[EXTRACTED DATA]
____________________
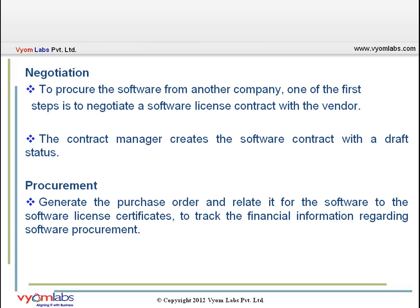Let's see each stage in detail. The very first stage is negotiation, which means we'll be procuring the software from another company. Whenever we plan to procure software, we contact the vendor. If we have BMC IT Business Management Suite, we can use the vendor relationship management module during the negotiation stage. In BMC Remedy Asset Management, we can use the contract management console to track different types of contracts for each vendor, including software contracts. At this stage, the contract manager creates the software contract with a status of draft.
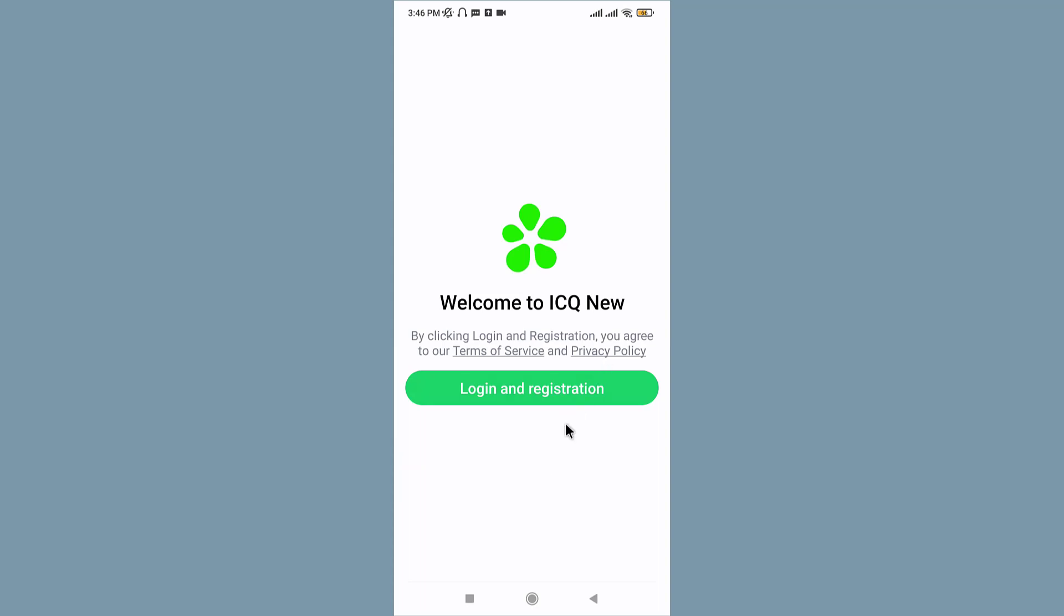that, you will have successfully logged out of your ICQ account. So next time you want to log in, you can just tap onto the Login and Registration and login with the number you have set up with. So that's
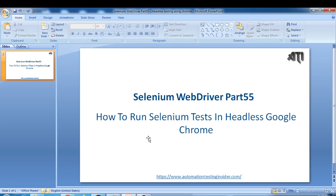Hello friends, welcome back to automationtestinsider.com. This is Selenium WebDriver part 55, and today I'm going to show you how to run Selenium tests in headless mode using Google Chrome. If you remember, in Selenium WebDriver part 51 we covered headless mode using HTML Unit Driver and PhantomJS. Today I'll show you how to run your test cases using Google Chrome in headless mode.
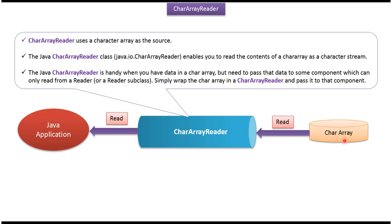Here you can see CharacterArray and Java application. Java application can use CharacterArrayReader to read data from CharacterArray.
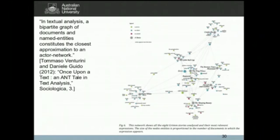I actually think actor network theory might be about hypergraphs — it's not about standard graphs. The idea of a monad in particular seems to be a hyperedge that connects more than two actors. That takes you into the world of hypergraphs, where there might be a whole lot of techniques and tools to leverage, and that's in fact what we're working on at the moment. The maths is getting above my comfort level, so I'm relying on existing tools and looking for collaborations with people who know about hypergraphs.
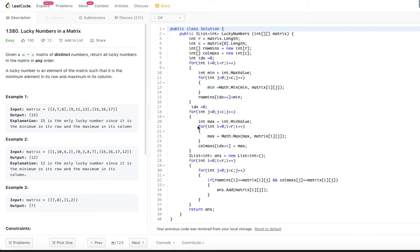Given an m by n matrix of distinct numbers, return all lucky numbers in the matrix in any order. A lucky number is an element of the matrix such that it is the minimum element in its row and the maximum element in its column. There can be zero or more lucky numbers which satisfy this property.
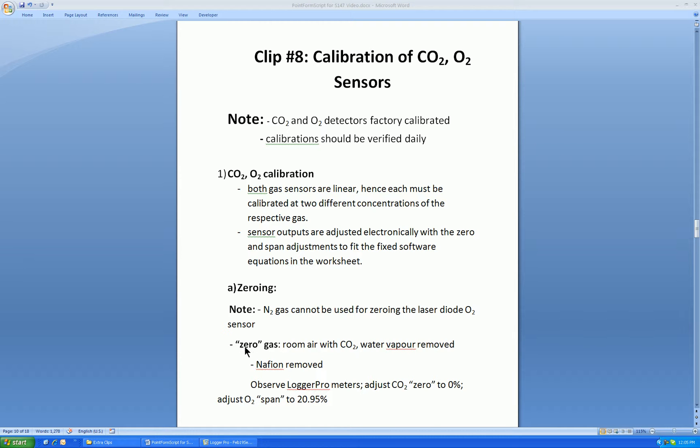We suggest you use, as a zero gas, room air with the carbon dioxide and water vapor removed. Besides, this is free. You should remove the carbon dioxide because this is an unknown level in room air, depending upon the number of occupants in the room. Also, water vapor is an unknown, and the humidity in the air can dilute the oxygen value significantly.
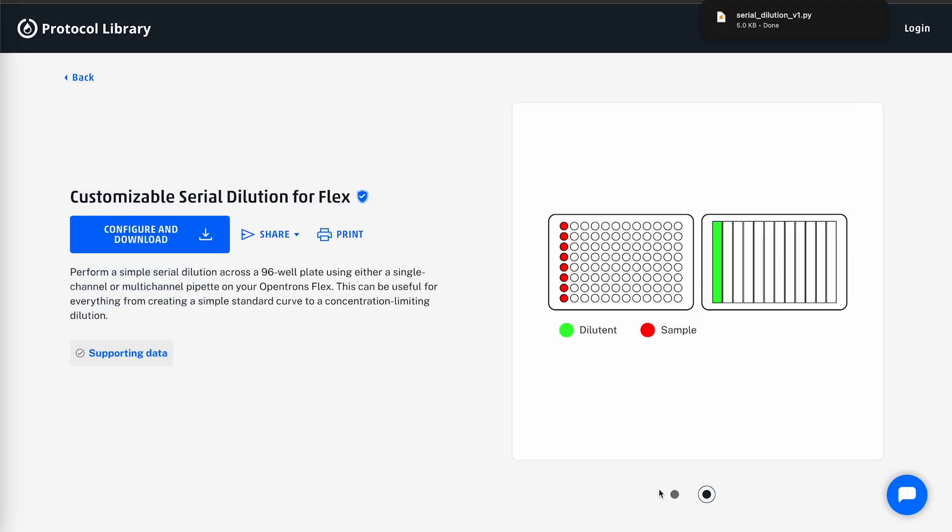The protocol will be saved to my computer. At this point, I can use the Opentrons app to upload the protocol and then run the protocol on my Flex. That concludes this video on how to download a protocol from our library. I encourage you to explore the newly redesigned Opentrons protocol library today to unlock the new possibilities for your lab. Thanks for watching the video.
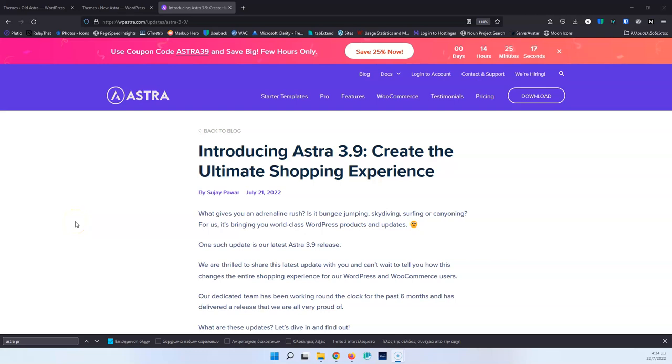In this video, we're going to see the new Astra 3.9 version. My name is Stratos and I'm constantly producing video tutorials about WordPress. Please subscribe to my channel for more videos like this.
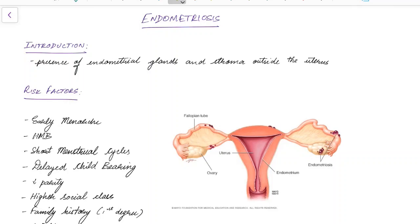Hello, this is Indian Medico. In this video we are going to see about endometriosis — a concise presentation for medical students. Endometriosis is defined as the presence of endometrial glands and stroma outside the uterus. As you can see in this picture, there are endometrial glands and stroma outside the uterus in various places.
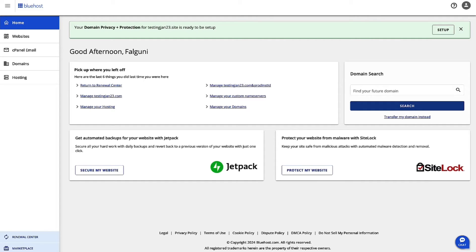So first of all, let's log into Account Manager from bluehost.com to complete this process. Go to bluehost.com, enter in your credentials, and then log into Account Manager.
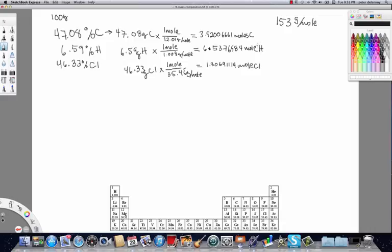We have 3.9200661 moles of carbon, about 6.5 moles of hydrogen, and about 1.3 moles of chlorine. Now we identify which of these three values is the smallest — it's the chlorine. We're going to take that smallest value and use it to divide all the other values including itself. I'll rewrite the chlorine value as 1.3... to indicate we're dividing by it.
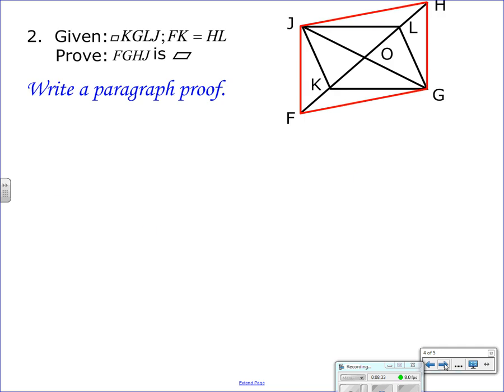Lastly, a paragraph proof on how to prove a different quadrilateral is a parallelogram. Remember, with paragraph proofs you don't need to state obvious things. We are given that KGLJ is a parallelogram and FK equals LH. I mark up the diagram. Notice I'm trying to prove FGHJ is a parallelogram. GJ is a common diagonal in both figures, and FH is the diagonal of what we're trying to prove is a parallelogram. We want to show those two diagonals bisect each other.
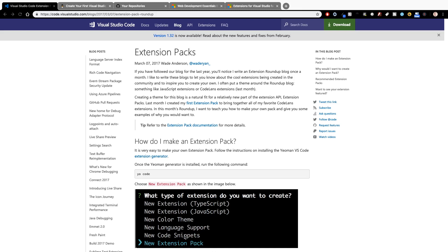What's going on YouTube? It's James Quick from Learn Build Teach. A couple of weeks ago, I put out my first video on creating your first extension in Visual Studio Code. Today we're going to do something similar, but we're going to create a specific type of extension, which is an extension pack, basically a collection of extensions. So that's what we're going to dive into today. Let's go ahead and get started.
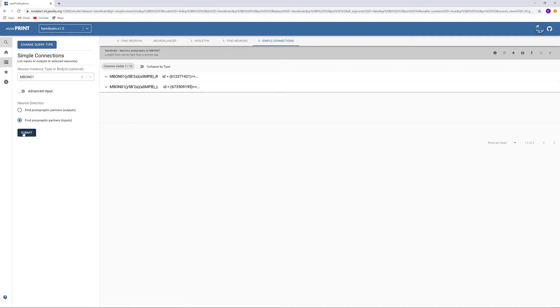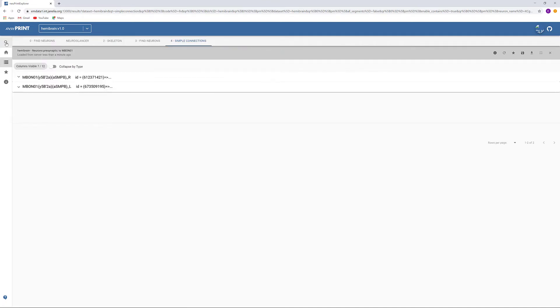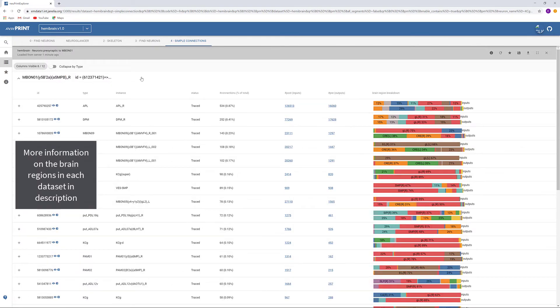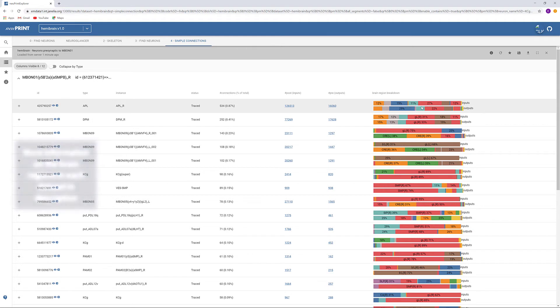We see two M-Bond O1s because one is in the left hemisphere and the other is in the right hemisphere. We are interested in the right neuron. We know that most Gamma KCs will be presynaptic in the calyx or ventral accessory calyx and postsynaptic in the gamma lobe, so we can cross-check this information with what we see in the brain region breakdown.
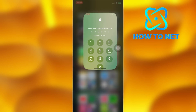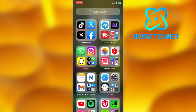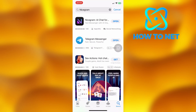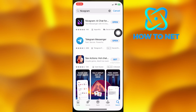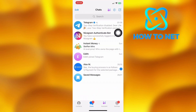Just head into your app store and download this app called Nicegram. It's more like the Telegram app. Get logged into the Nicegram app and you will access all your Telegram data.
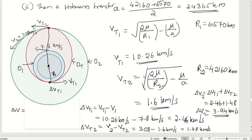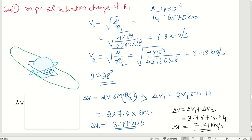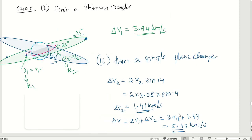Comparing both cases: both performed the same operations but in different sequences. Case 1 (plane change first, then Hohmann) required 7.71 km/s, while Case 2 (Hohmann first, then plane change) required only 5.43 km/s. Performing the plane change between the larger orbits results in a smaller velocity change, saving more fuel. Two more cases will be discussed in the next video.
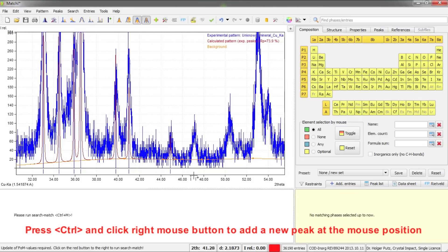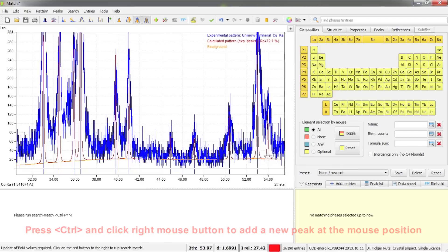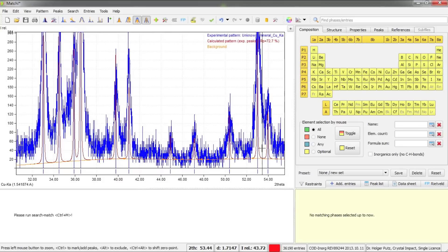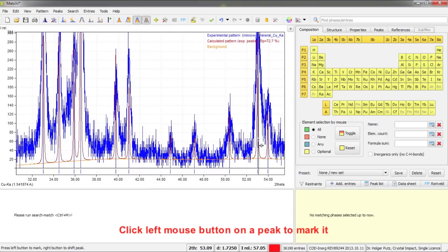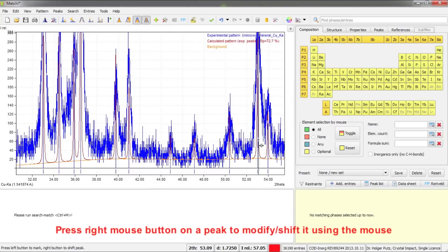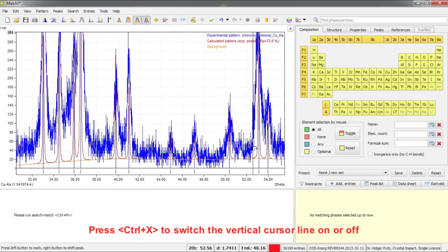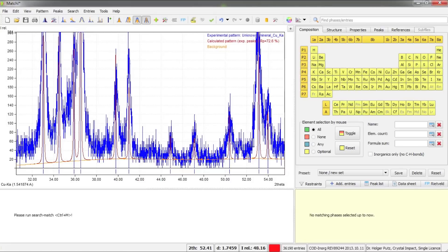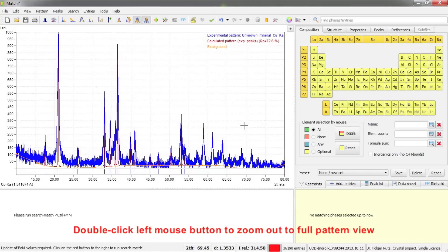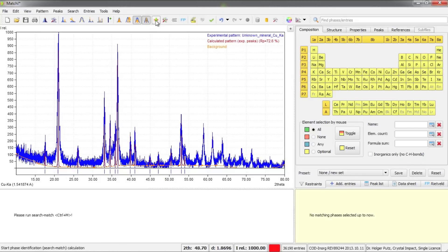You can also modify existing peaks. Moving the mouse over a peak changes the cursor. Pressing the right mouse button lets you shift the peak's position by dragging. I'll move one peak slightly to the right and release. Once done, I'll switch off the vertical position cursor and return to the full view of the diffraction pattern by double-clicking the left mouse button.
____________________
[EXERCISE DESCRIPTION] Each record is to be restated word for word; no picture goes in.

[SOLUTION TO THE PROBLEM]
Let's see each stage in detail. The very first stage is negotiation, which means we'll be procuring the software from another company. Whenever we plan to procure software, we contact the vendor. If we have BMC IT Business Management Suite, we can use the vendor relationship management module during the negotiation stage. In BMC Remedy Asset Management, we can use the contract management console to track different types of contracts for each vendor, including software contracts. At this stage, the contract manager creates the software contract with a status of draft.
that, you will have successfully logged out of your ICQ account. So next time you want to log in, you can just tap onto the Login and Registration and login with the number you have set up with. So that's
Hello friends, welcome back to automationtestinsider.com. This is Selenium WebDriver part 55, and today I'm going to show you how to run Selenium tests in headless mode using Google Chrome. If you remember, in Selenium WebDriver part 51 we covered headless mode using HTML Unit Driver and PhantomJS. Today I'll show you how to run your test cases using Google Chrome in headless mode.
Here you can see CharacterArray and Java application. Java application can use CharacterArrayReader to read data from CharacterArray.
I actually think actor network theory might be about hypergraphs — it's not about standard graphs. The idea of a monad in particular seems to be a hyperedge that connects more than two actors. That takes you into the world of hypergraphs, where there might be a whole lot of techniques and tools to leverage, and that's in fact what we're working on at the moment. The maths is getting above my comfort level, so I'm relying on existing tools and looking for collaborations with people who know about hypergraphs.
Given an m by n matrix of distinct numbers, return all lucky numbers in the matrix in any order. A lucky number is an element of the matrix such that it is the minimum element in its row and the maximum element in its column. There can be zero or more lucky numbers which satisfy this property.
We suggest you use, as a zero gas, room air with the carbon dioxide and water vapor removed. Besides, this is free. You should remove the carbon dioxide because this is an unknown level in room air, depending upon the number of occupants in the room. Also, water vapor is an unknown, and the humidity in the air can dilute the oxygen value significantly.
The protocol will be saved to my computer. At this point, I can use the Opentrons app to upload the protocol and then run the protocol on my Flex. That concludes this video on how to download a protocol from our library. I encourage you to explore the newly redesigned Opentrons protocol library today to unlock the new possibilities for your lab. Thanks for watching the video.
In this video, we're going to see the new Astra 3.9 version. My name is Stratos and I'm constantly producing video tutorials about WordPress. Please subscribe to my channel for more videos like this.
Hello, this is Indian Medico. In this video we are going to see about endometriosis — a concise presentation for medical students. Endometriosis is defined as the presence of endometrial glands and stroma outside the uterus. As you can see in this picture, there are endometrial glands and stroma outside the uterus in various places.
So first of all, let's log into Account Manager from bluehost.com to complete this process. Go to bluehost.com, enter in your credentials, and then log into Account Manager.
We have 3.9200661 moles of carbon, about 6.5 moles of hydrogen, and about 1.3 moles of chlorine. Now we identify which of these three values is the smallest — it's the chlorine. We're going to take that smallest value and use it to divide all the other values including itself. I'll rewrite the chlorine value as 1.3... to indicate we're dividing by it.
Lastly, a paragraph proof on how to prove a different quadrilateral is a parallelogram. Remember, with paragraph proofs you don't need to state obvious things. We are given that KGLJ is a parallelogram and FK equals LH. I mark up the diagram. Notice I'm trying to prove FGHJ is a parallelogram. GJ is a common diagonal in both figures, and FH is the diagonal of what we're trying to prove is a parallelogram. We want to show those two diagonals bisect each other.
What's going on YouTube? It's James Quick from Learn Build Teach. A couple of weeks ago, I put out my first video on creating your first extension in Visual Studio Code. Today we're going to do something similar, but we're going to create a specific type of extension, which is an extension pack, basically a collection of extensions. So that's what we're going to dive into today. Let's go ahead and get started.
We see two M-Bond O1s because one is in the left hemisphere and the other is in the right hemisphere. We are interested in the right neuron. We know that most Gamma KCs will be presynaptic in the calyx or ventral accessory calyx and postsynaptic in the gamma lobe, so we can cross-check this information with what we see in the brain region breakdown.
Just head into your app store and download this app called Nicegram. It's more like the Telegram app. Get logged into the Nicegram app and you will access all your Telegram data.
Comparing both cases: both performed the same operations but in different sequences. Case 1 (plane change first, then Hohmann) required 7.71 km/s, while Case 2 (Hohmann first, then plane change) required only 5.43 km/s. Performing the plane change between the larger orbits results in a smaller velocity change, saving more fuel. Two more cases will be discussed in the next video.
You can also modify existing peaks. Moving the mouse over a peak changes the cursor. Pressing the right mouse button lets you shift the peak's position by dragging. I'll move one peak slightly to the right and release. Once done, I'll switch off the vertical position cursor and return to the full view of the diffraction pattern by double-clicking the left mouse button.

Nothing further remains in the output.